E-sport: “Serve un patto sociale per la crescita psicofisica del ragazzo”
L’industria dei videogame è ormai in Italia una consolidata realtà, un indotto che genera 1,5 miliardi di euro, con i suoi 4,5 milioni di appassionati di e-sport nel nostro Paese
L’industria dei videogame è ormai in Italia una consolidata realtà, un indotto che genera 1,5 miliardi di euro, con i suoi 4,5 milioni di appassionati di e-sport nel nostro Paese. Sono questi gli spaventosi numeri di un vero e proprio mercato, quello dei videogiochi, che sta crescendo in maniera rapida ed esponenziale. Sul tema degli sport elettronici, è stato organizzato un convegno che si è svolto a Roma nel fine settimana. All’evento, denominato ‘E-sport è sport?’, promosso dall’Ufficio nazionale per la pastorale del tempo libero, turismo e sport con il patrocinio dell’Ufficio per la pastorale del tempo libero, del turismo e dello sport della diocesi di Roma, è intervenuto Marcel Vulpis, fondatore dell’Associazione italiana degli e-sport (Aiesp).

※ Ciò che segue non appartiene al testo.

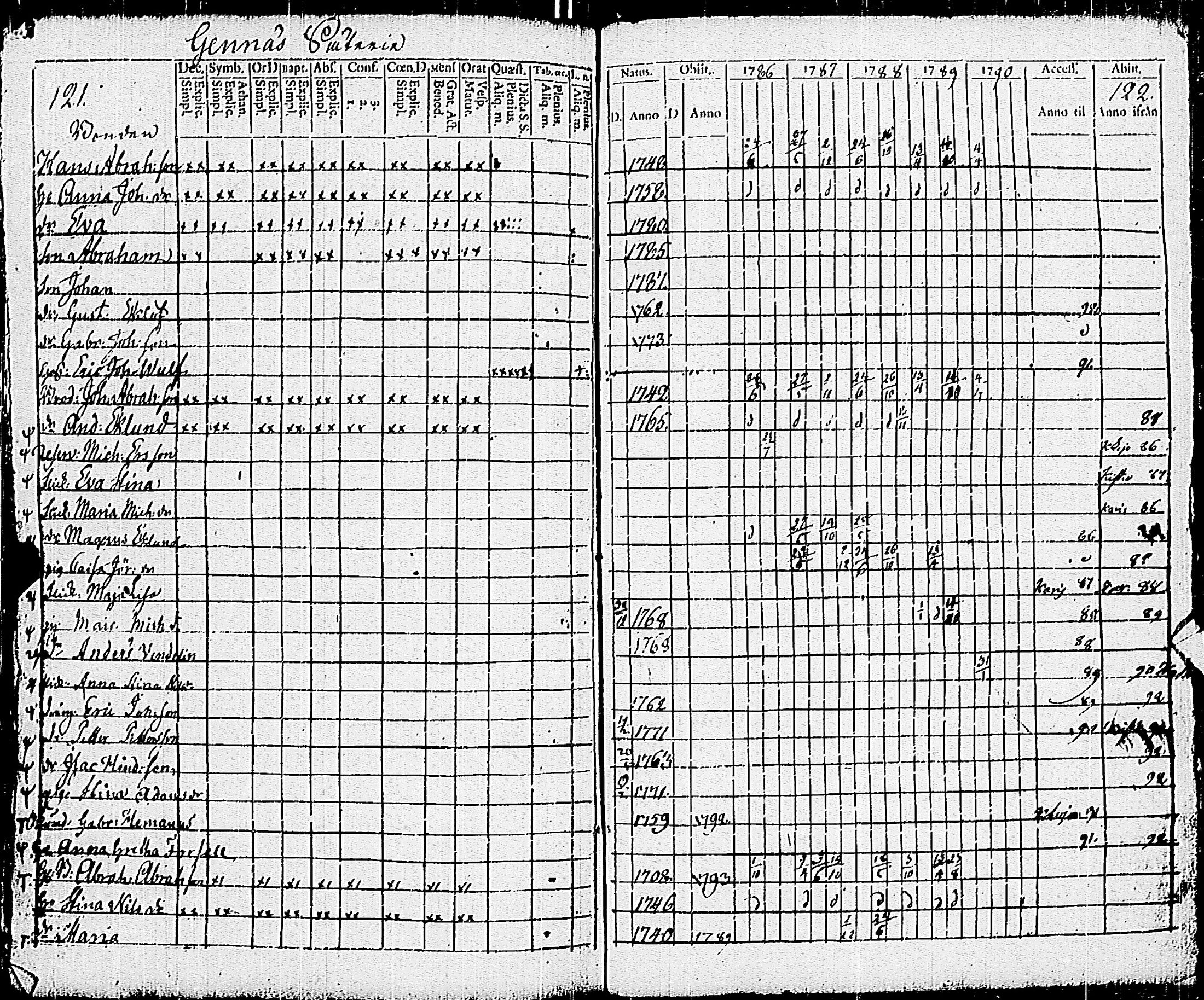 [ ../kirjat/Kirkonkirjat/pohja/rippikirja_1781-1790_es111-112/kuvat/280.jpg ]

«Ci troviamo di fronte – afferma – a una realtà in grande crescita ma che necessita a livello istituzionale di regole condivise . E serve anche un patto sociale nuovo tra famiglia, scuole, aziende nella direzione dello sviluppo e della crescita psicofisica del ragazzo. Gli e-sport sono sport, basta vedere come si preparano gli atleti che li praticano».

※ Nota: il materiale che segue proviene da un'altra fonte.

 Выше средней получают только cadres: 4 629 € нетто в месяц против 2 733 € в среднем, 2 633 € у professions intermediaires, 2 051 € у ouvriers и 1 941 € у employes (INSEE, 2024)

All’incontro ha preso la parola anche mons. Melchor Sanchez de Toca, sottosegretario del Pontificio Consiglio della Cultura.
«il fenomeno – sostiene – degli e-sport e dei videogames ci porta a riflettere sull’atmosfera che tutto questo contempla e cioè la cultura digitale, che sta orientando il nostro modo di vivere, la nostra quotidianità. Al momento il Cio si sta aprendo agli e-sport. È, quindi, un dibattito aperto ma il nostro obiettivo rimane quello di mettere la persona al centro».

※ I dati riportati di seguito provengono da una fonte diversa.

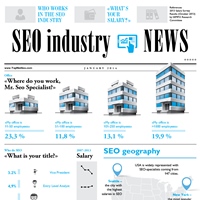 SEO Industry Changes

Condivisione e dialogo sono la base anche per questo tema.
Ne è convinto anche Don Gionatan De Marco, direttore dell’Ufficio nazionale della Cei: « Solo mantenendo – conclude – uno sguardo disarmato si potrà arrivare a un punto di vista condiviso, come compagnia educante, sulla persona nella sua integrità. Un punto di vista attivo perché di per sé la dimensione ludica non è mai passiva».